# Wall hung tool cabinet



## bluekingfisher (Mar 30, 2010)

For some time now I have had it on my mind to build a wall hung tool cabinet for my hand and marking tools. I think this year will be the year when I have both the time and enthusiasm to make a start on it.

I was hoping that someone has or is intending to build one and may have some drawings or plans which I may be able to take inspiration from.

I do not plan on making it too fancy or detailed, I don't need anything that will cater for hand planes as I have them stored else where although I would like to make the doors deep enough to hold chisels/screwdrivers etc. Some advice on making the doors would be appreciated.
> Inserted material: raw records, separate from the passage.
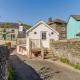 1 bed in New Quay 81502 - Fotografie 1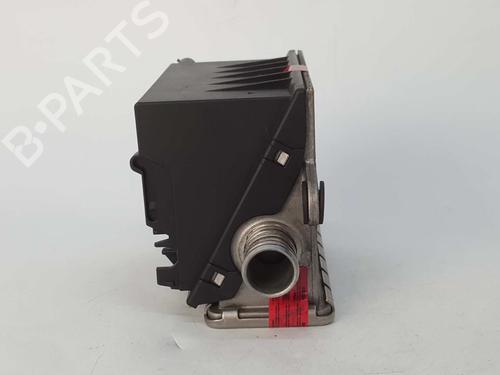 Elektronische sonde BMW X3 (E83) 2.0 d | BP14542553M84 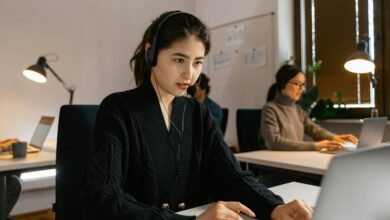 next gen design solutions 8442311594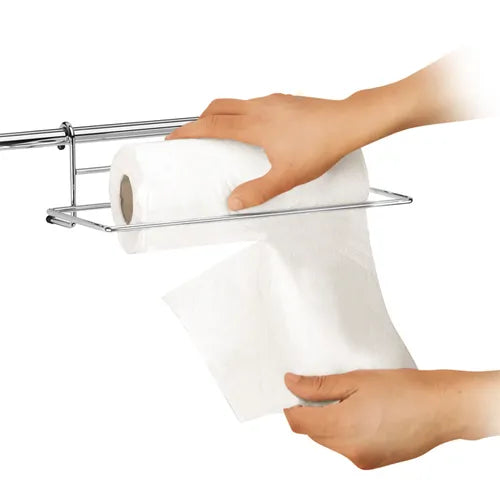 Portarotolo Da Cucina 29 Cm "Monti"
I also need it deep enough as I intend to install "leaves" or inner hinged doors for added storage space.

If anyone has some info on the above or could direct me to the relevant webpage I would be very grateful.

Many thanks.

David


----------



## kdc68 (Mar 2, 2012)

A couple of Woodsmith plans here may be of help…they may have more than the two I posted

Woodsmith link
http://www.woodsmithshop.com/episodes/downloads/

Plans
http://www.woodsmithshop.com/download/301/slidingdoorshopcabinet.pdf

http://www.woodsmithshop.com/download/211/pegboardrack.pdf


----------



## Belg1960 (Jan 3, 2010)

David, I have this one saved in my favorites. 
http://www.finewoodworking.com/uploadedImages/Fine_Woodworking_Network/Image_Resources/Magazine/188/011188040_mdsq.jpg
I think it might help if you gave some dimensions and an idea of how much "stuff" needs to go in the cabinet.
I had one that had french cleat system which was nice too, very versatile but smaller.
*If you do a search with the following woodworking wall cabinet you will get tons of great versions.*


----------



## bluekingfisher (Mar 30, 2010)

Kdc68 and Pat, thanks for taking the time out fellahs to respond.

Pat what you have posted hits the nail on the head. I have no need for the drawer boxes but I like the idea of the pigeon holes and the central dividing panel board.
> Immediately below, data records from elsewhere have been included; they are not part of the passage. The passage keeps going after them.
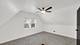 8459 S Elizabeth, Chicago, IL 60620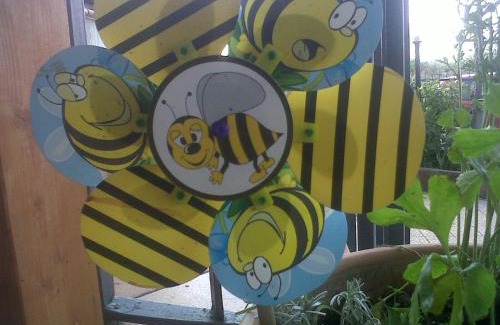 Sicignano degli Alburni House | il sentiero del riccio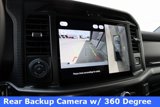 New 2025 Ford F150 Platinum image 2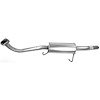 MUFFLERS-SOUNDFX - image 1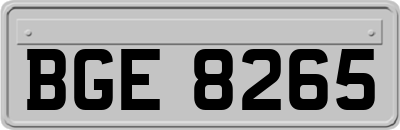 BGE8265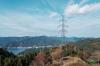 宮城20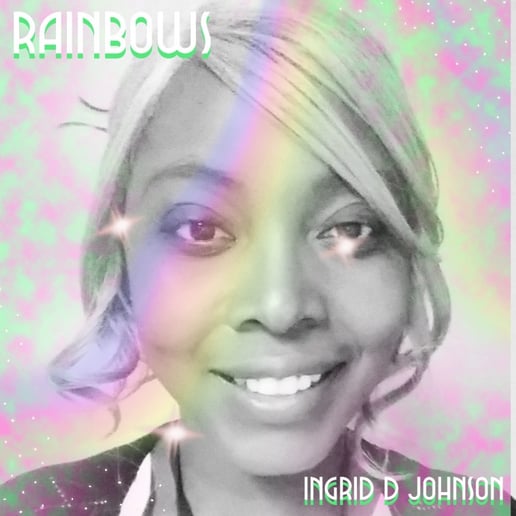 Gallery photo 6 of Ingrid D. Johnson & The Funky Fresh Crew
The dimensions of the image you posted are close to what I envisaged my final cabinet to look like. The cavity doors are also appealing. Another question, how do you build the doors? Are they constructed seperately from the main case or made as a sealed box unit then the top of the box cut off to leave you with a matching top cover which can then be made into doors?

I was thinking of constructing the main case from birch ply with hardwood trim and for the door panels, Any thoughts on this point.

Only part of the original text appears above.